Opting for a relatively sure thing rather than a risky bid for local political power, U.S. Rep. Danny Davis announced Monday he would seek re-election rather than run for president of the Cook County Board.
Davis made the announcement during a news conference at his local congressional office on Chicago's West Side. He said that because of the number of candidates vying for the same constituency in the race - three other black candidates have filed petitions, including incumbent President Todd Stroger - it made more sense for him to try to stay in Congress.
Jokingly citing a letter he'd recently received from a Texas inmate lauding his work on law-enforcement legislation, Davis said, "I've got some reason to come back and get to work."
In that, he was opting for a relatively certain re-election campaign as a Democratic congressman, even with candidates lined up in hopes of replacing him, instead of entering a risky five-person race in February's Democratic primary for Cook board president. Davis had said that he might have more impact as the head executive at the county level than as a single congressman in the U.S. legislative branch, and that polls had him out in front. Yet the race would have been uncertain compared with a run for re-election as an incumbent congressman.
"I always said if there were four individuals running for the same political office, then it would not be the best climate in which to run," Davis said. "I met with Todd Stroger yesterday, and he verified to me that he would seek another term. That means four people would be running for the office, so I am staying true to my word."
Stroger remains in the Democratic primary for County Board president, as does Chicago Alderman Toni Preckwinkle, Clerk of the Circuit Court Dorothy Brown and Metropolitan Water Reclamation District President Terrence O'Brien.
Davis said he would be supporting one of those candidates but would not make a formal endorsement at this time.
Preckwinkle called Davis' decision "a real boon to our campaign."
"As an independent, progressive Democrat, Congressman Davis and I appeal to some of the same constituencies and some of the same funders," she said. "So this will be a real opportunity for me to go back to those folks and ask for their help."
Stroger, too, cheered Davis' decision, as it removed a top contender, and the congressman figures to return to the powerful House Ways and Means Committee. "I'm excited about continuing our partnership in fighting for our health care system in Cook County," Stroger said.

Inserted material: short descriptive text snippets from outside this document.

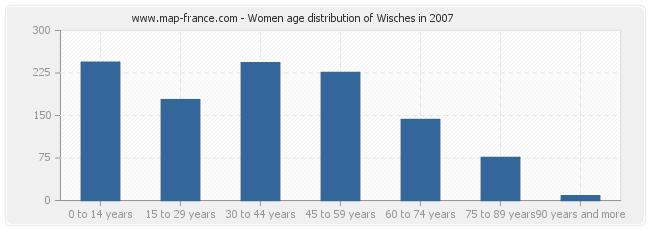 Women age distribution of Wisches in 2007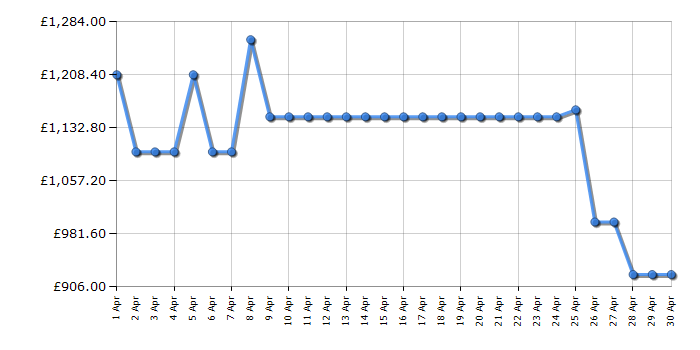 Cheapest price history chart for the AEG TSC7M181DS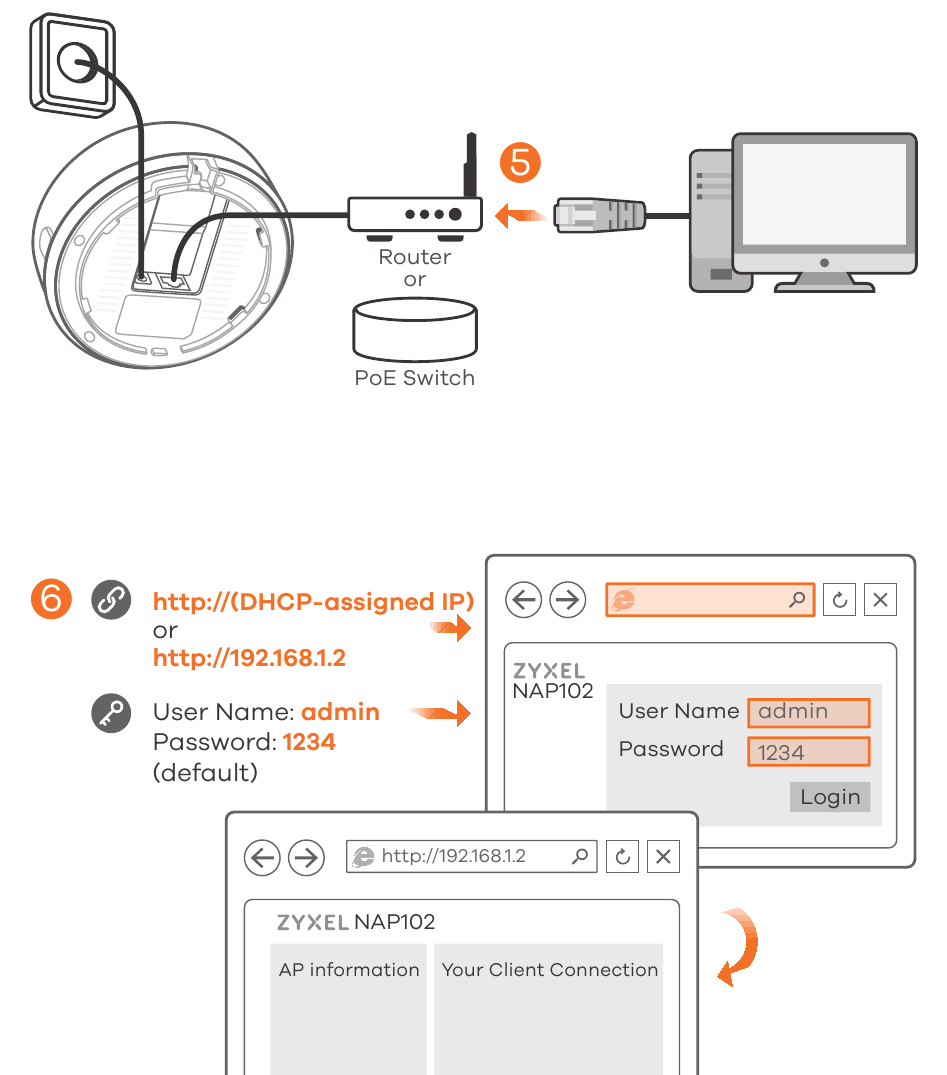 Configureer uw apparaat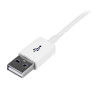 3m USB 2.0 Extension Cable A to A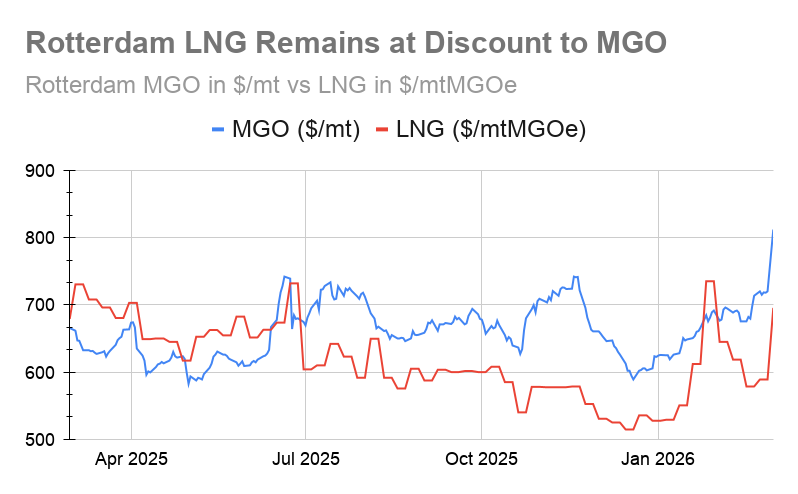 LNG Price Spike Not Yet Sufficient to Drive Switch to Conventional Bunkers
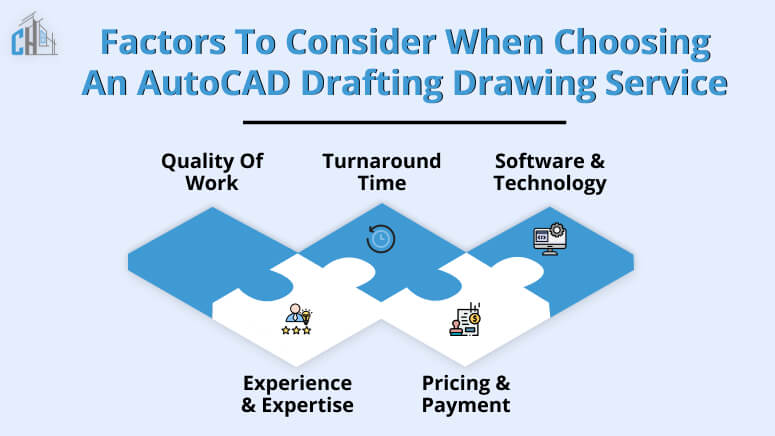 Factors to Consider When Choosing an AutoCAD Drafting Drawing Service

Chicago minister Clay Evans, head of the Concerned Clergy for a Better Chicagoland, which has endorsed Stroger, also applauded the move, adding, "We are hopeful that the remaining candidates in the race for Cook County Board president will maintain their political power by following the congressman's lead and seeking re-election in their respective offices."
In other races, Andrea Raila of Chicago dropped her bid to become county assessor, facing a costly challenge battle over her petitions filed by slated Democratic candidate and Cook County Democratic Party Chairman Joseph Berrios. Assessor candidates Robert Shaw of South Holland and Gene Staples of River Forest also found their petitions formally challenged Monday.
County Clerk David Orr determined ballot order in contested races through lotteries conducted Monday. Stroger already obtained the last ballot slot by filing last at the deadline. Preckwinkle got the top slot in the Democratic president's race, followed by O'Brien and Brown. Shaw got the top spot over Berrios in the assessor's race, pending the challenge. On the Republican side, slated candidate Roger Keats got the top slot in the president's race over John Garrido.